He spoke in New York with McKinsey Quarterly editor Allen Webb about where MBA education stands in the wake of the financial crisis and where he thinks it’s headed.
The Quarterly: How is the tone in the classroom these days versus, say, two years ago? Do you see big shifts in student attitudes and expectations toward what they should be getting out of their education?
Blair Sheppard: Yes, profound, actually, on a lot of fronts, not just in the classroom. First is, over the last five years the number of people who want to do public-sector or social entrepreneurship at Fuqua has actually gone up about twentyfold. And it just sort of took a leap this year. The range of things people are thinking about in finance has changed dramatically. People are now thinking about private wealth, where years ago they never would have thought about private wealth; or people are thinking about government finance, where years ago they wouldn’t have; people are thinking about distress finance, where they wouldn’t have.
And then, in the classroom, I think, you’re seeing two fairly fundamental shifts. The first is a consideration of larger context, or understanding, of any tool as it’s being taught. So people will say, “Well, does that really work in this context?” Where before they would have just taken it as a given. And then, the second one is actually a desire for a broader range of tools and a broader range of perspectives. There’s a drive to say, “If any one tool is imperfect, increase the number I have in my kit.” And I think it’s really pretty aggressive, actually.

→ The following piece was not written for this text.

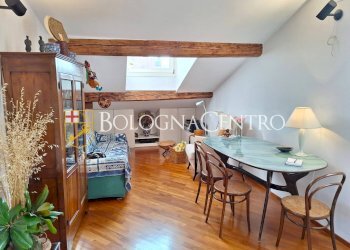 Monolocale Bologna (zona Centro Storico) - foto 21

The Quarterly: What do you attribute these shifts to? How much of it is the financial crisis, economic change, and how much of it is the broader trends that have been underway for a while?

Blair Sheppard: If you take the part that has to do with people rethinking what it is they want to do with a business degree or why they’re in a business school in the first place, I think that that’s been going on for some time. And I think it has to do a little bit with generational effects, which is that you have a different kind of person.
If you look at it in the ’60s, when I grew up, there were a series of people who were disappointed with institutions, and our theory was we should blow them up. It turns out that there’s a series of people today who are distressed with institutions, and their question is, “How do I fix them?”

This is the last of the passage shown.